I'm reading my notes about uniform convergence, and this question came to my mind:
Let $g:\mathbb{R} \to (0,+\infty)$ be a continuous function, for example $g(x)=\displaystyle\frac{1}{e^{x}}$. Let
$$f_n(x)=\frac{ng(x)}{1+ng(x)}.$$
We have that $f_n$ converges pointwise to $1$ in $\mathbb{R}$.
It's easy to see that $f_n$ converges uniformly to $1$ in $[a,b]$, because $g(x)$ has a minimum.
But it converges uniformly in $[0,+\infty)$?

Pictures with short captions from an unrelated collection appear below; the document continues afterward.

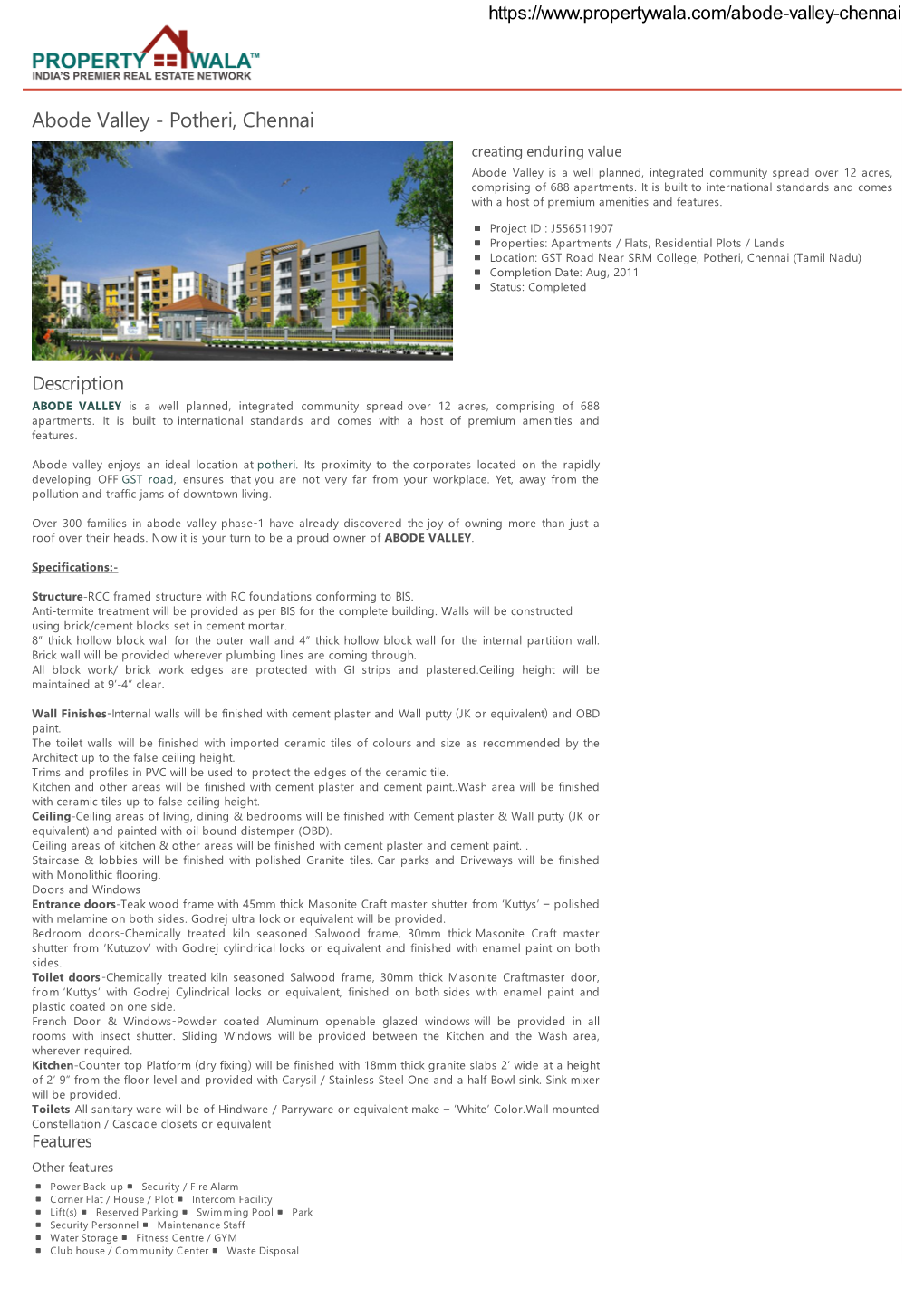 Abode Valley - Potheri, Chennai Creating Enduring Value Abode Valley Is a Well Planned, Integrated Community Spread Over 12 Acres, Comprising of 688 Apartments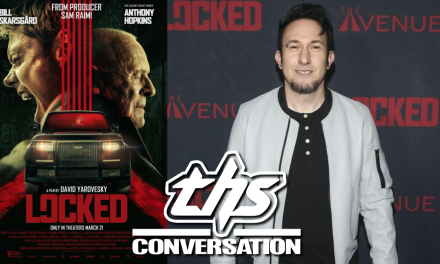 ‘Locked’ – David Yarovesky | THS Interview
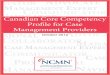Canadian Core Competency Profile for Case Management · PDF fileCompetency steering Committee, Core Competency work group, and advisors Council (see appendix ... supported by a substantial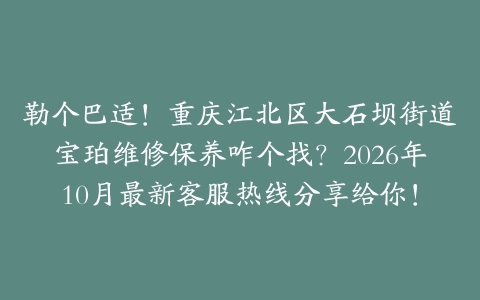 勒个巴适！重庆江北区大石坝街道宝珀维修保养咋个找？2026年10月最新客服热线分享给你！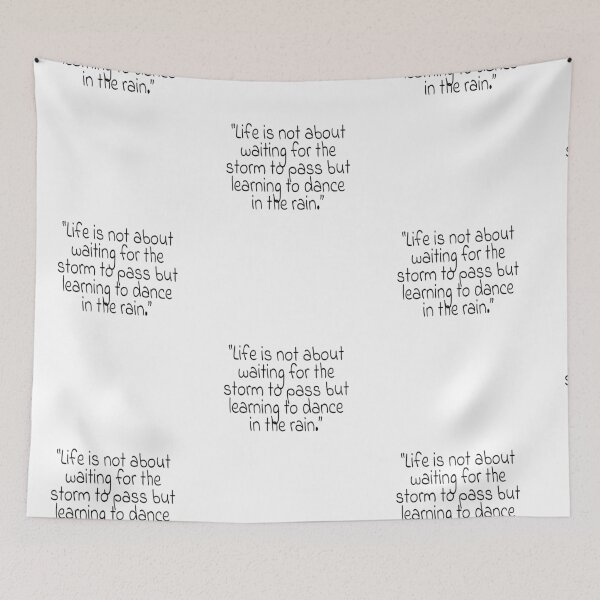 Item preview, "Life is not about waiting for the storm to pass but learning to dance in the rain." Quote designed and sold by agsduy.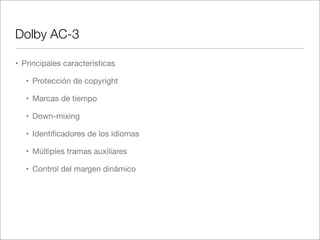 Dolby AC-3
• Principales características
• Protección de copyright
• Marcas de tiempo
• Down-mixing
• Identiﬁcadores de los idiomas
• Múltiples tramas auxiliares
• Control del margen dinámico

 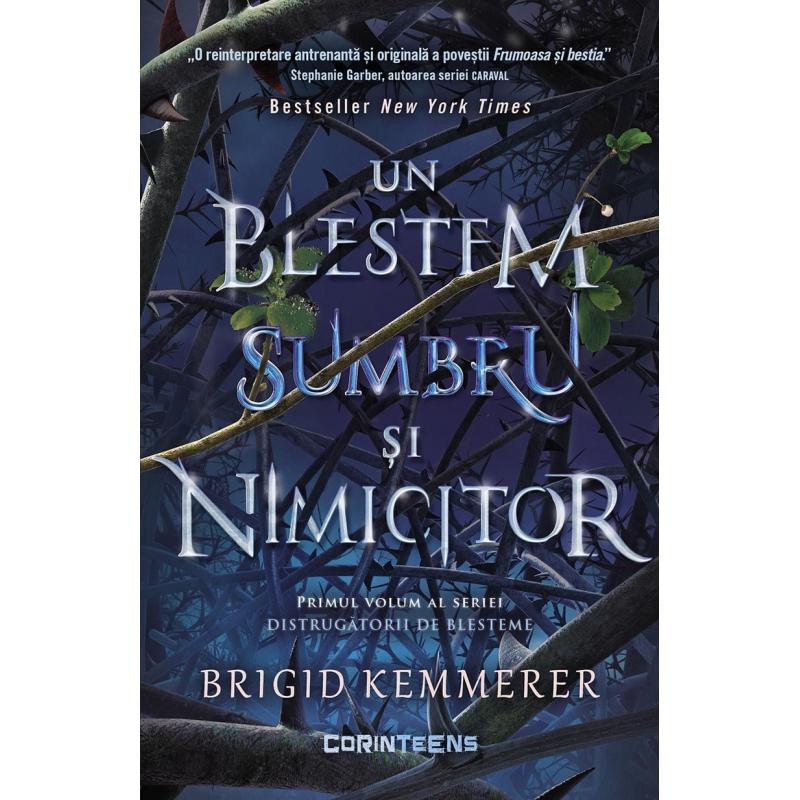 Distrugatorii De Blesteme Vol. 1 Un Blestem Sumbru Si Nimicitor - Brigid Kemmerer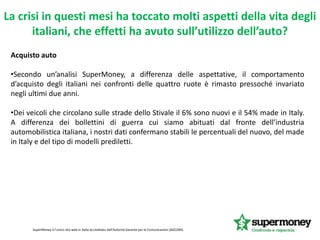 La crisi in questi mesi ha toccato molti aspetti della vita degli
italiani, che effetti ha avuto sull’utilizzo dell’auto?
SuperMoney è l'unico sito web in Italia accreditato dall'Autorità Garante per le Comunicazioni (AGCOM).
Acquisto auto
•Secondo un’analisi SuperMoney, a differenza delle aspettative, il comportamento
d’acquisto degli italiani nei confronti delle quattro ruote è rimasto pressoché invariato
negli ultimi due anni.
•Dei veicoli che circolano sulle strade dello Stivale il 6% sono nuovi e il 54% made in Italy.
A differenza dei bollettini di guerra cui siamo abituati dal fronte dell’industria
automobilistica italiana, i nostri dati confermano stabili le percentuali del nuovo, del made
in Italy e del tipo di modelli prediletti.
 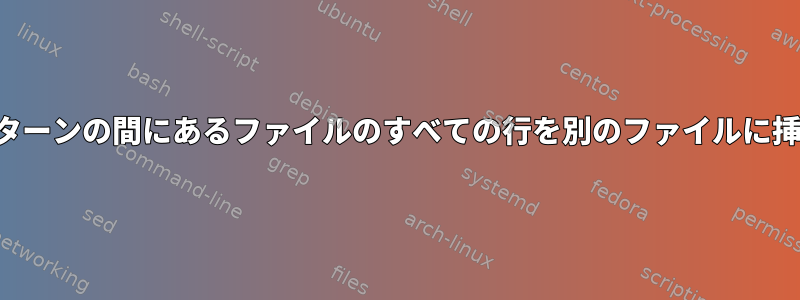 2つのパターンの間にあるファイルのすべての行を別のファイルに挿入する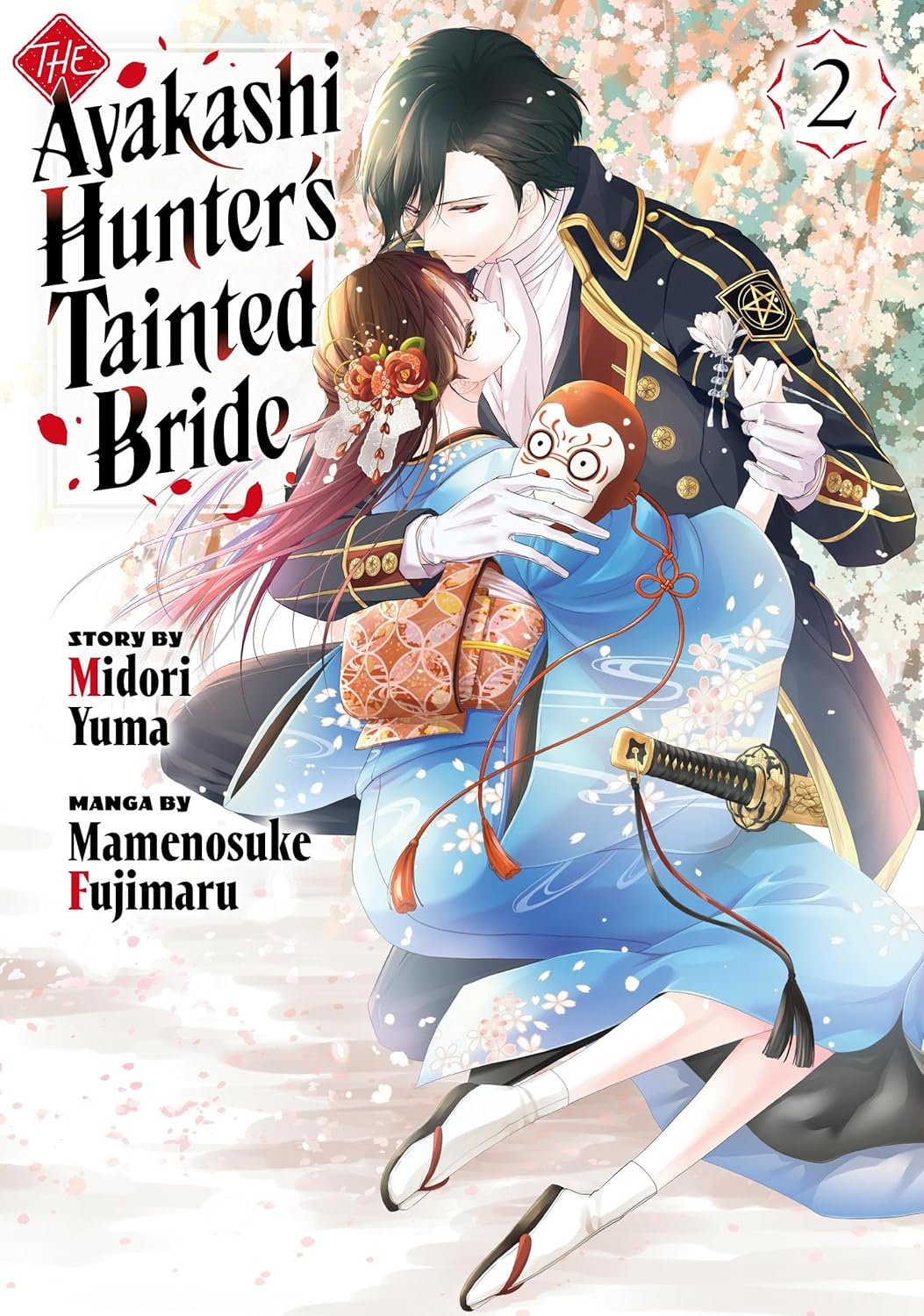 The Ayakashi Hunter's Tainted Bride Volume 2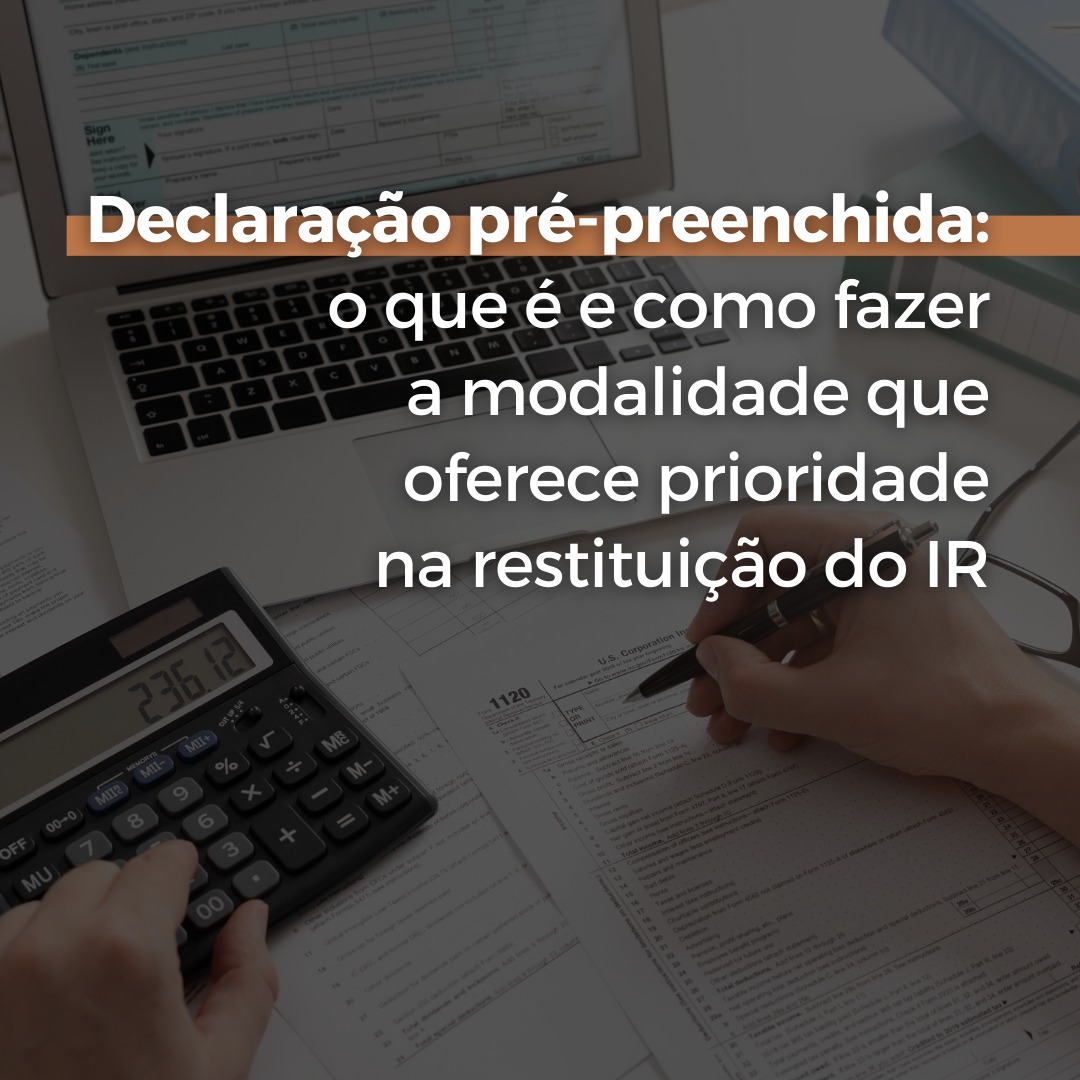 Declaração pré-preenchida: o que é e como fazer a modalidade que oferece prioridade na restituição do IR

I think that it doesn't converge uniformly, because
$$\sup_{x\in[0,+\infty)}\mid\frac{ng(x)}{1+ng(x)}-1\mid=\sup_{x\in[0,+\infty)}\frac{1}{1+ng(x)},$$
and if we look at $g(x)=\displaystyle\frac{1}{e^{x}}$, we see that it doesn't have a minimum, so the supremum never tends to $0$, and it's not always true that $f_n(x)$ is uniformly convergent in $[0,+\infty)$ for every $g(x)$ continuous and with positive images.
Is this true? Thanks!
You are right. In fact let $g$ be any (positive) continuos function with $\inf_{x \in (0, +\infty)} g(x) = 0$. for a fixed $n$, it's easy to see that
$$\sup_{x \in [0, \infty)} \frac 1{1 + ng(x)} = 1$$ which does not tend to $0$.
If on the other hand $g(x)$ stays "away" from $0$, that is $\inf g(x) = l > 0$, then $$\sup_{x \in [0, \infty)} \frac 1{1 + ng(x)} = \frac1{1 + nl} \to 0$$
so in this case we have uniform convergence.